Wien. Braucht Österreich eine Pensionsreform – und wenn ja, wann? Darüber ist diese Woche eine Debatte entbrannt. Anlass waren Aussagen der Wifo-Ökonomin Christine Mayrhuber, die seit April auch Vorsitzende der Alterssicherungskommission ist. Eine große Pensionsreform inklusive Anhebung des gesetzlichen Pensionsantrittsalters sei frühestens in zehn Jahren sinnvoll, hat sie im „Presse“-Interview gesagt. Man solle zuerst den Übergangszeitraum für Frauen abwarten: Ab heuer wird das gesetzliche Antrittsalter für Frauen pro Jahr um je sechs Monate angehoben, bis es 2033 bei 65 Jahren und damit auf dem Niveau der Männer liegt. 

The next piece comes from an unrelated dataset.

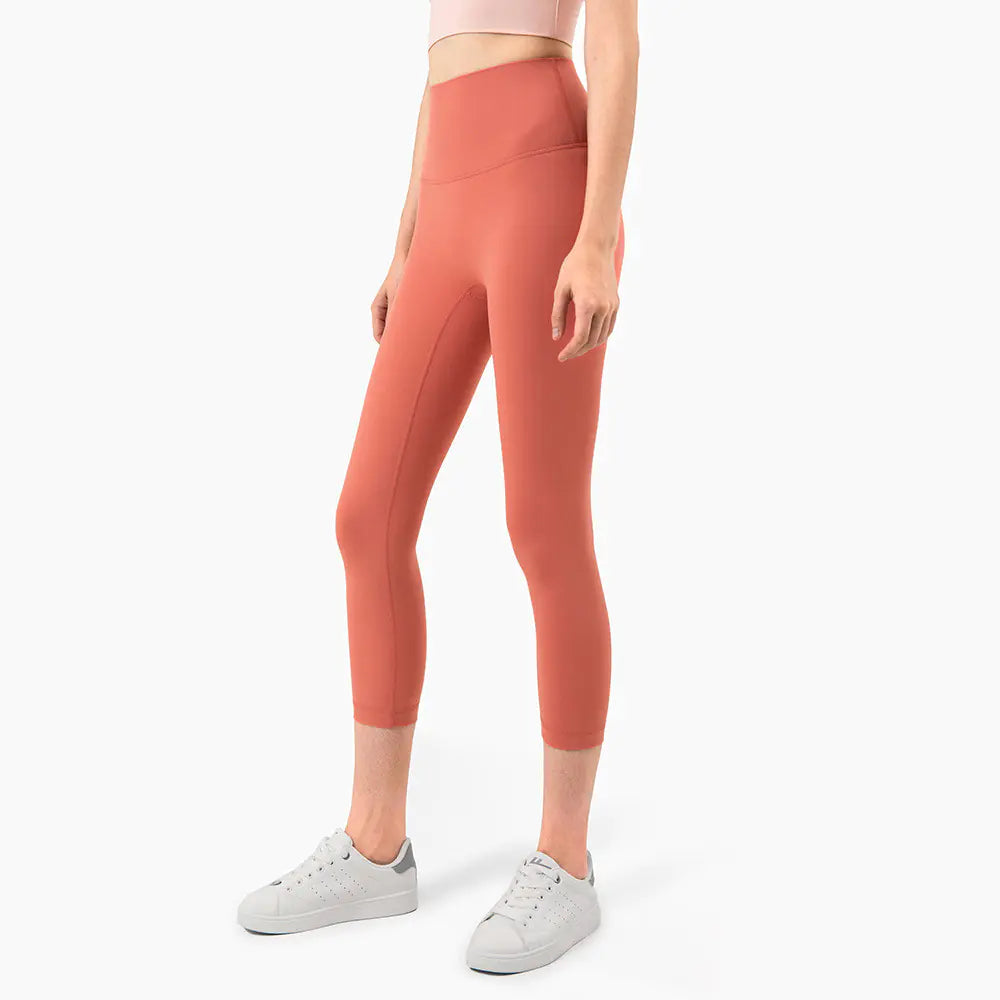 Pro Peach Hips Fitness Cropped Leggings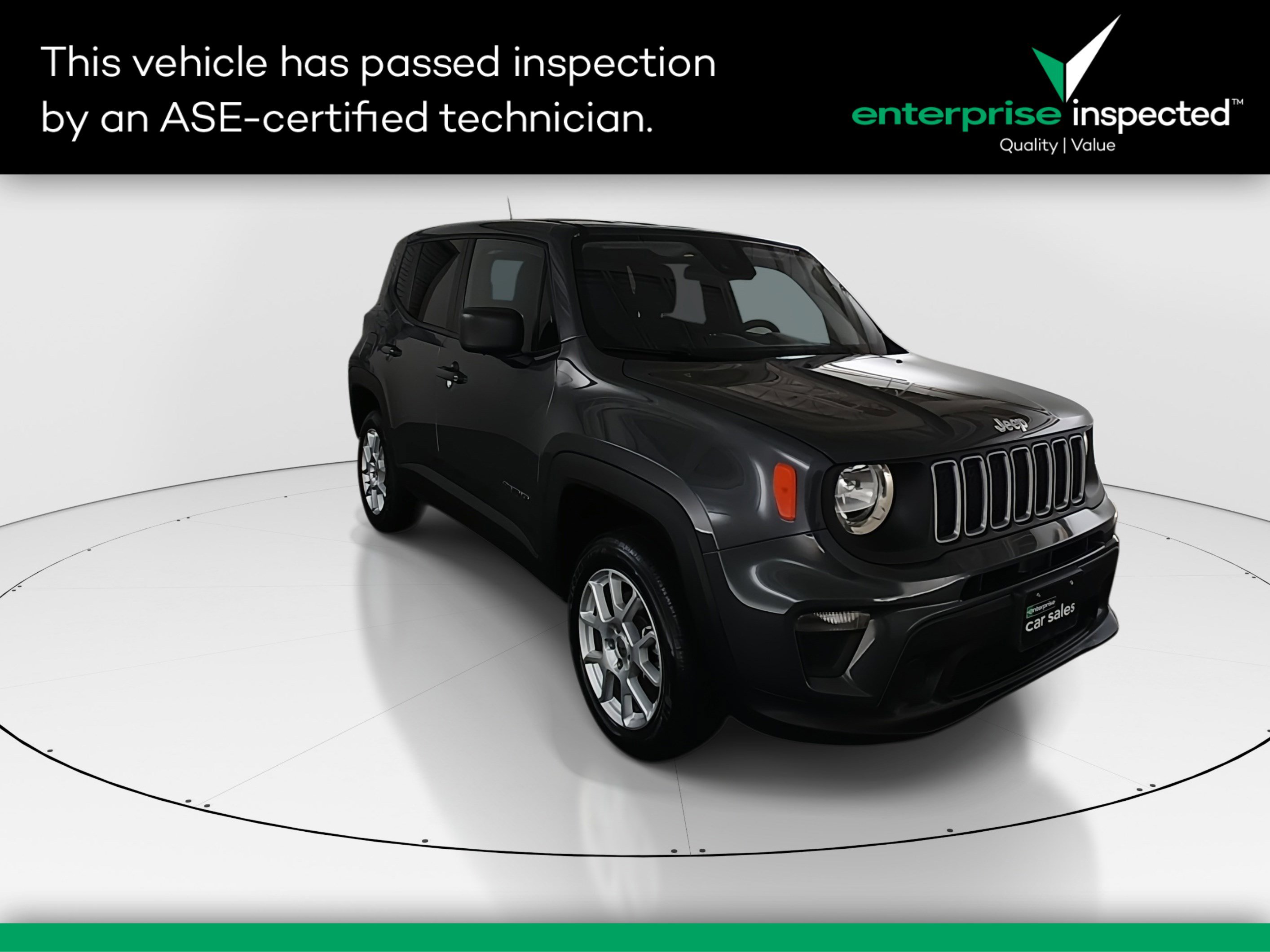 Used 2023 Jeep Renegade Latitude 4x4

In der Debatte ging es auch um einen interessanten Aspekt: Mayrhuber sagte, nur auf eine Anhebung des Antrittsalters abzustellen sei „nicht durchdacht“. Denn: Für Akademiker liege die Restlebenserwartung mit 65 Jahren bei 21 Jahren, für Männer mit Pflichtschulabschluss als höchster Ausbildung bei lediglich 16 Jahren. Orientiere man sich beim Pensionsantrittsalter nur an einem Faktor, produziere man „soziale Verwerfungen“, sagte Mayrhuber. 

Einige Länder haben bereits ein flexibles Antrittsalter eingeführt, das sich an der Lebenserwartung orientiert, und koppeln das oft mit Anreizen, im Alter länger zu arbeiten. Finnland hat die Möglichkeit eingeführt, nur einen Teil der Pension zu beziehen und in reduziertem Ausmaß weiterzuarbeiten. In Schweden gibt es bereits seit Ende der 1990er-Jahre die Möglichkeit, die Höhe der Pensionen an die Entwicklung der Lebenserwartung und der Wirtschaft anzupassen. 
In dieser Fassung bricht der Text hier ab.